Blame it on the Tulo?

So you think you got it all figured out, eh? You’ve analyzed the season and the one and only reason for the lack of any sort of run at the playoffs lies squarely at the feet of #2?

It would seem that for the past few seasons the talk, invariably, turns to Tulo and his “disappointing”, “frustrating” and downright “pathetic” play at times, and how it is the magic bullet in the Rockies losing record.

Some would point out that it is his attitude that is problem, others his uninspired defense and the rest of the detractors would say it is his horrible plate discipline.  Whatever it is, bashing Tulo seems to be up there with slamming Dan O, Dick M and (enter current manager name here) in predictable practices of looking for a reason for the losing season.

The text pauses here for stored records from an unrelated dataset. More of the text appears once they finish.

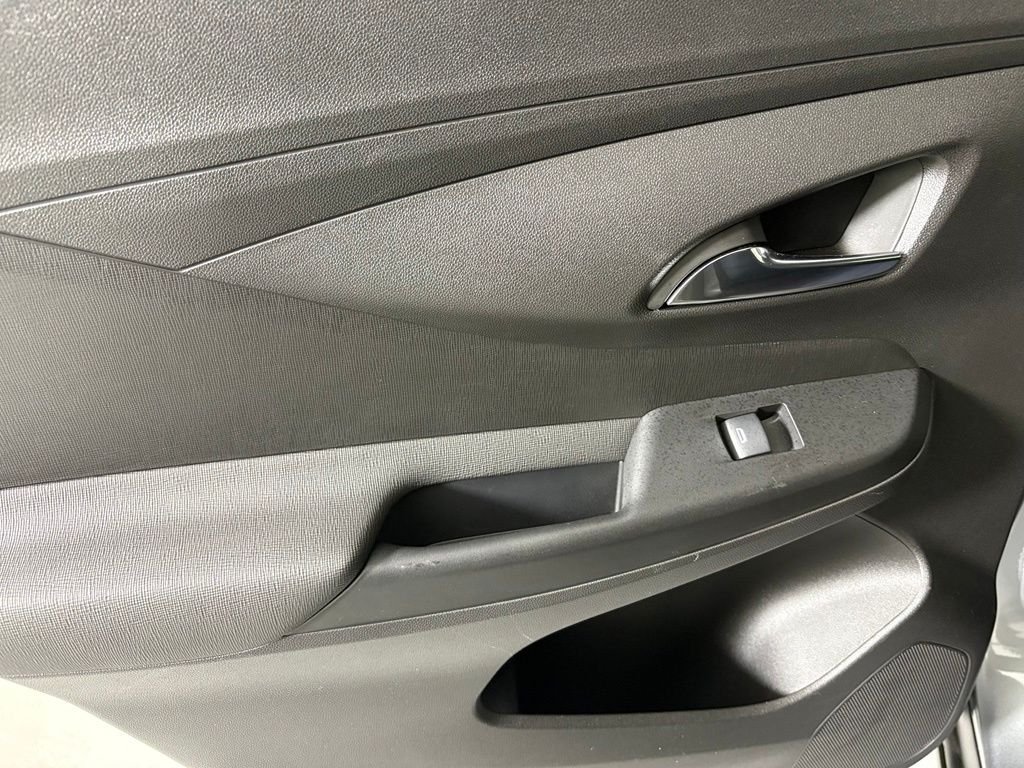 Used 2025 Gray Buick Preferred image 39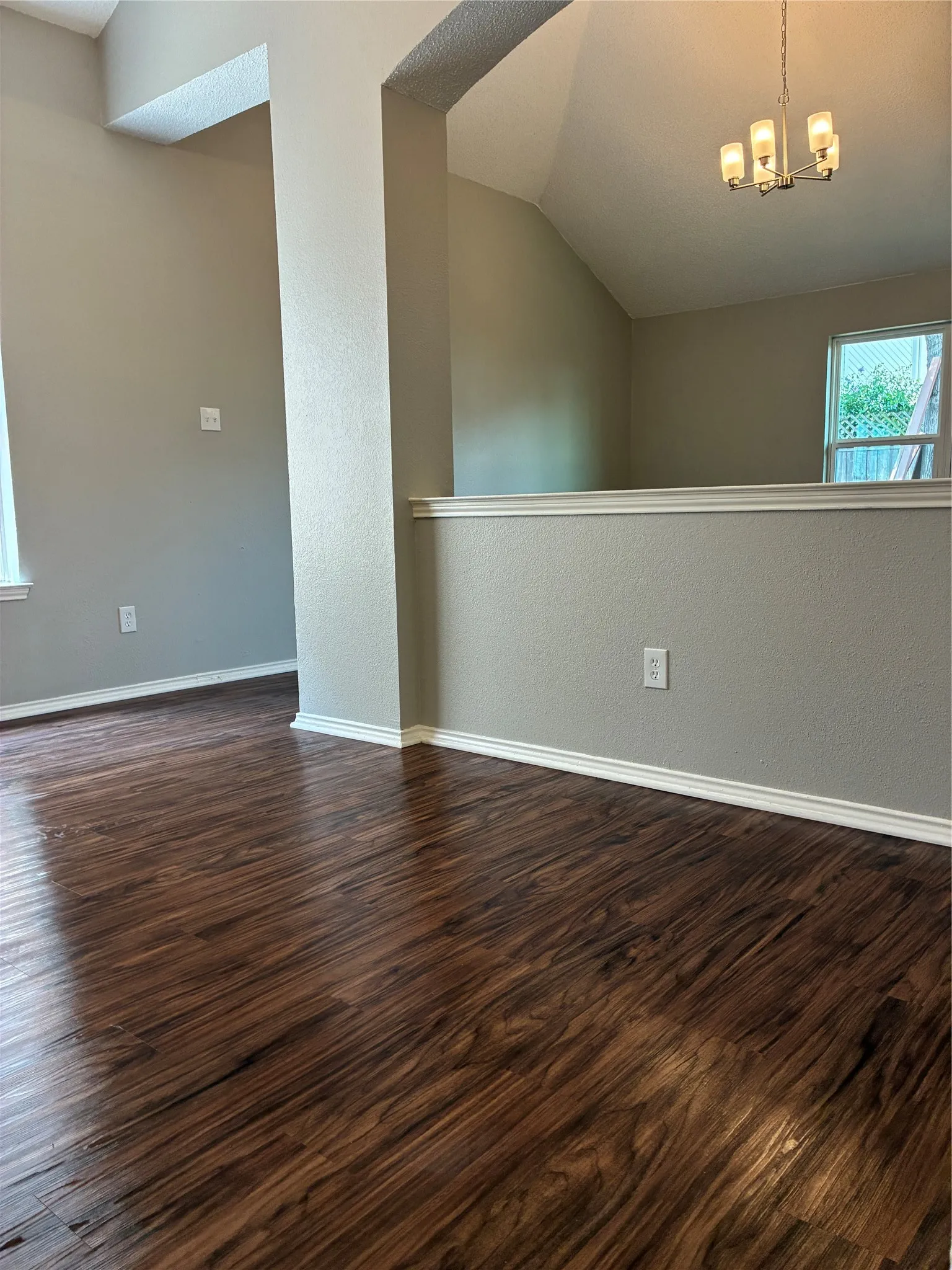 Single Family Residence For Sale in Dallas County , 5115 Wedgewood Drive, Garland, Texas 75043, 4 Bedroom, 2 Bathroom, 2 Garage spaces, 1,389 Sqft, built in 1992, mls#21340054, Real Estate Agent in Garland, Homes For Sale in Dallas county, Homes For Sale in Garland, Realtor in Garland Texas, Real Estate Brokerage Independent Realty Texas, Luminita Cordes Realtor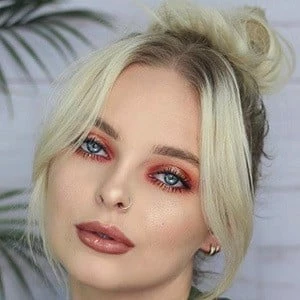 Megs Cahill - Date Of Birth, Bio, Birthdate, Parents, Networth & More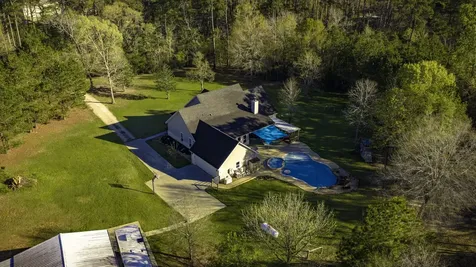 600 Pebble Creek Livingston TX 77351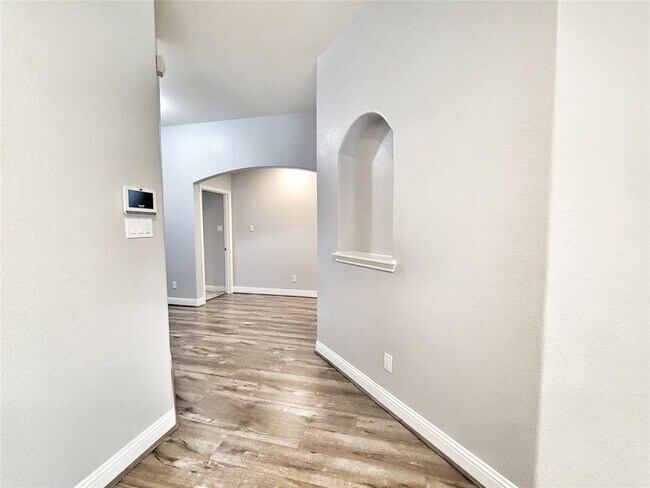 Building Photo - 2316 Vineyard Terrace Ln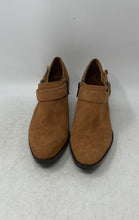 Load image into Gallery viewer, Bandolino Womens Brietta Brown Zipper Leather Block Heel Ankle Booties Size 7.5M
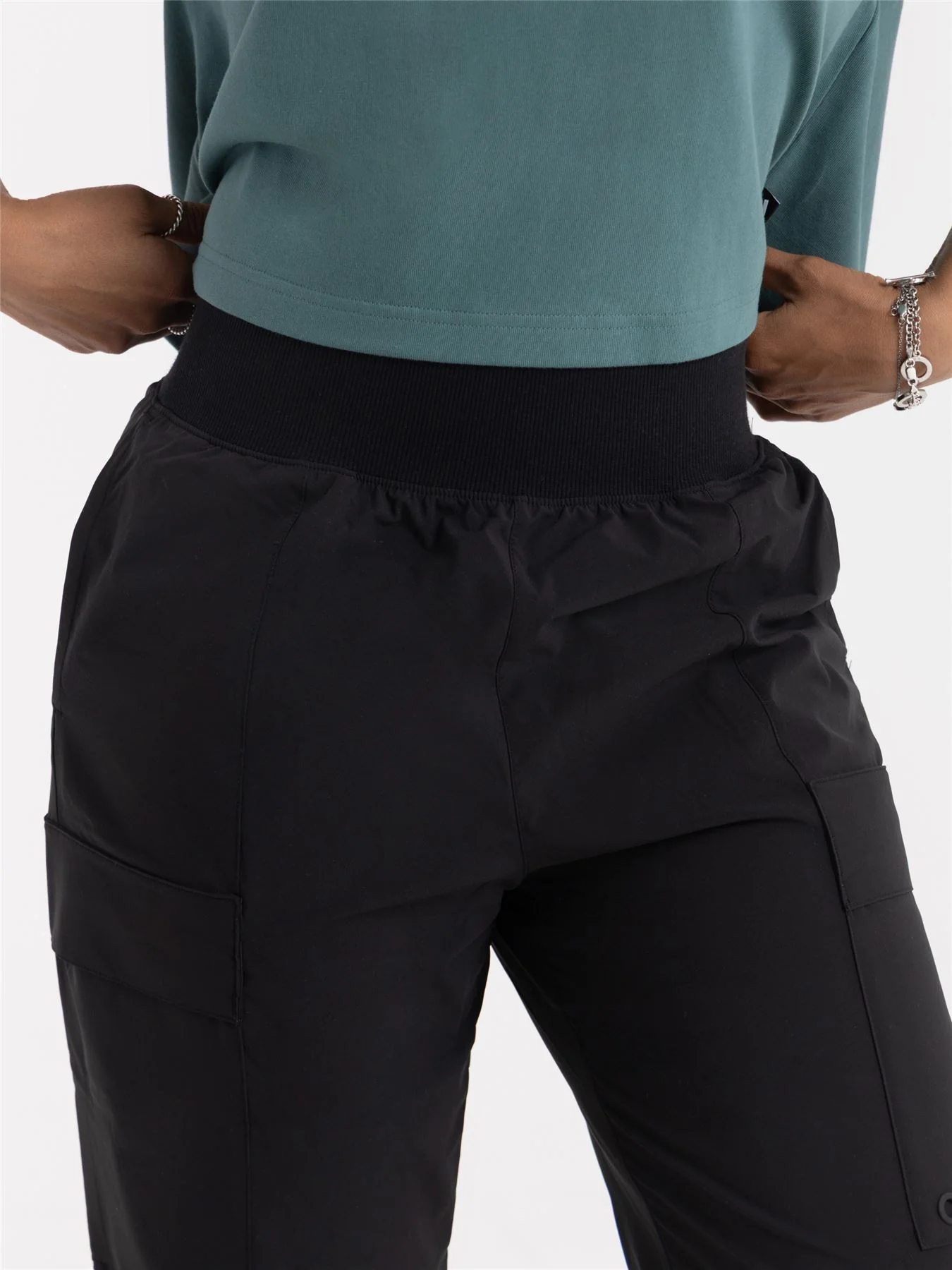 Beyond The Course Twistweave Lined Cargo Trousers Black - Image 5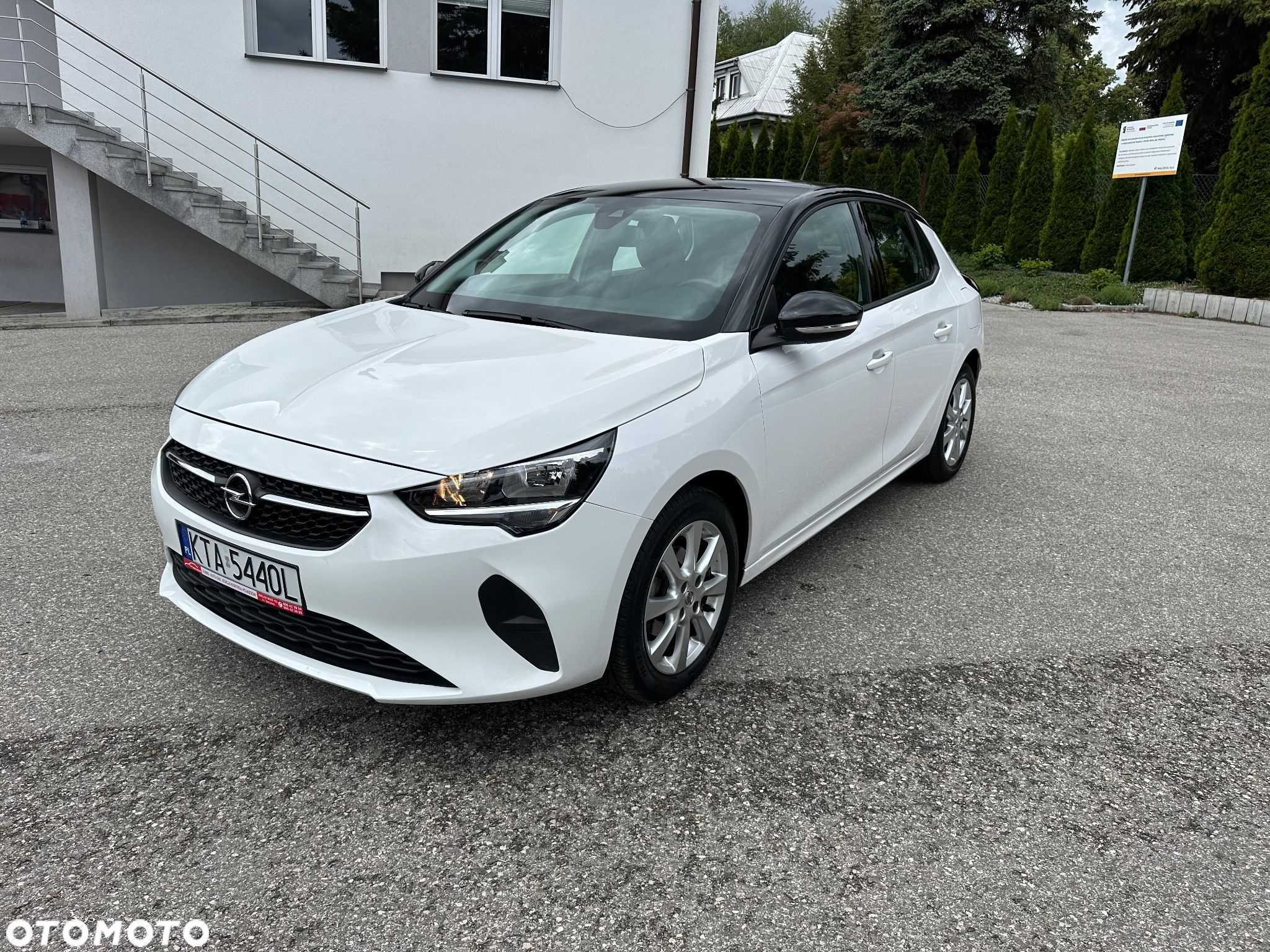 Opel Corsa 1.2 Business S&S - 1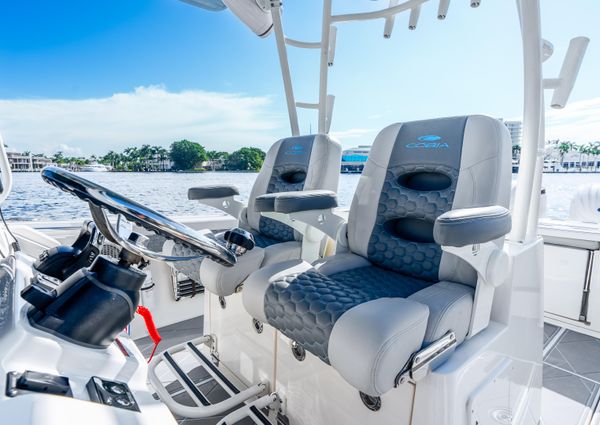 Cobia 320 Center Console image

So, what are some of the arguments and do you agree?  Does Tulo deserve the lions share of blame, or is he just an easy target with his extreme decibel F-word screams after a strikeout and high and mighty walk right past autograph seeking fans?

It is obvious his play at short lately has been hampered by returning too soon from broken ribs.  Why he rushed back to the lineup so quickly is a mystery, given that the team wasn’t tearing up the NL West at the time and a hurt Tulo is worse than a slumping Tulo, given that he usually aggravates said injury after a return (possibly on the diving 2nd base bag-tag tonight?).

Then there is the string of questioning calls and getting tossed.  It is almost like he was going through the motions with the arguments, looking to just get tossed without really putting any effort into the argument.  No waving of the hands, no red face, just a calm stream of words that struck a chord and it’s a “hit the showers kid” from Blue.  For someone who can slam a helmet harder than most, his arguments with umpires is extremely anticlimactic.

The Renck report, that Bat Cat pointed out, said that Tulo had his locker cleaned out during the off-season thinking he might be traded, which is pretty telling.  His, “Rockies Till I Die” like contract he signed through 2020 was touted as the perfect solution for the “team leader” and the Rockies.  Tulo, on the other hand and in the same article, says that the title of “leader” was pretty much pushed on him and he tried to handle it as best he could.  He seemed to regret being chosen to lead when he was just learning to mesh and possibly didn’t want the mantel until he was in his 30’s.

So, what is your take? Do you think he really is the failed leader of a team he never wanted to lead and just wanted to play his best on?  Is he to be blamed for the horrible 2012 season, mostly from his absence and accident prone ways, as well as the main culprit for the 2013 failed season?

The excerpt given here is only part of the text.